What to do: Could you give again exactly, and only, the lines from the one holding "# 766770) Photo" through the end of the data, both ends included, with pictures left out?

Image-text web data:
····················

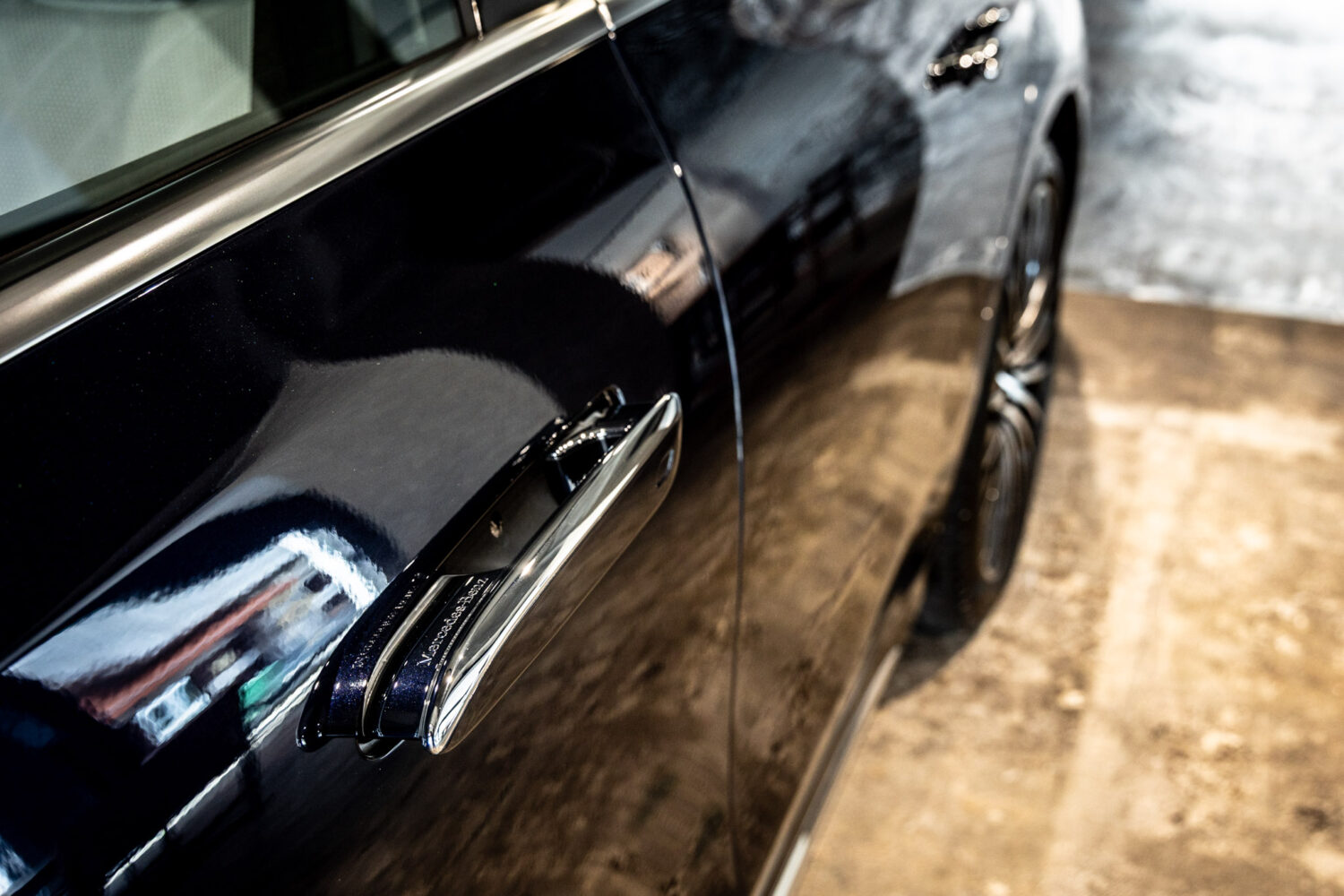 Eクラス E300エクスクルーシブ AMGライン(ISG)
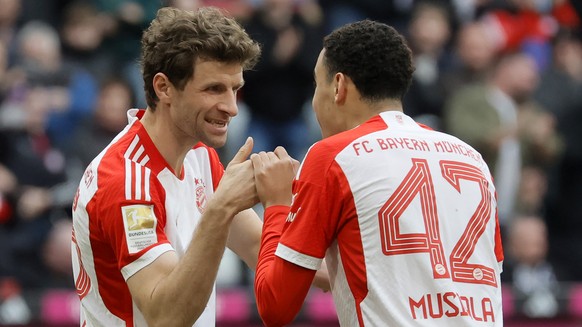 epa11209272 Munich&#039;s Thomas Mueller (L) celebrates with teammates after scoring the 4-1 goal during the German Bundesliga soccer match between FC Bayern Munich and 1.FSV Mainz 05 in Munich, Germa ...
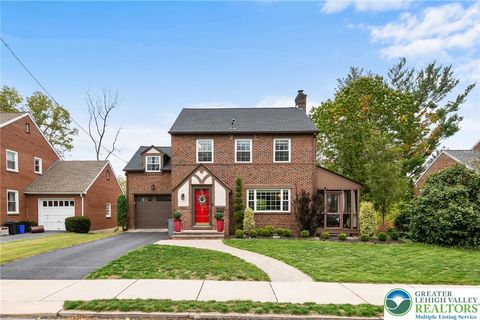 Photo of 934 Highland Avenue, Bethlehem, PA 18018 (MLS # 766770) Photo of 934 Highland Avenue, Bethlehem, PA 18018 (MLS # 766770)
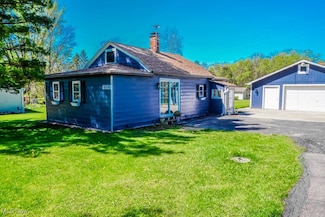 18706 Jackson Dr, Chagrin Falls, OH 44023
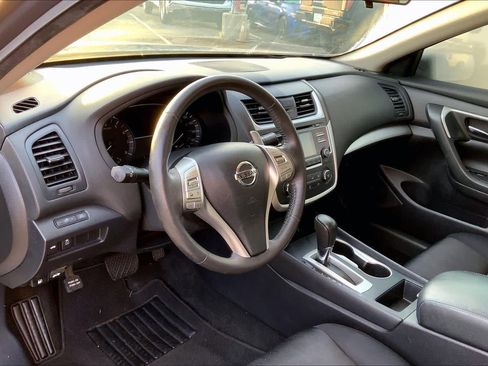 Used 2017 Nissan Altima 2.5 SR w/ Midnight Edition Package image 18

····················

Result of this task:
 Photo of 934 Highland Avenue, Bethlehem, PA 18018 (MLS # 766770) Photo of 934 Highland Avenue, Bethlehem, PA 18018 (MLS # 766770)
 18706 Jackson Dr, Chagrin Falls, OH 44023
 Used 2017 Nissan Altima 2.5 SR w/ Midnight Edition Package image 18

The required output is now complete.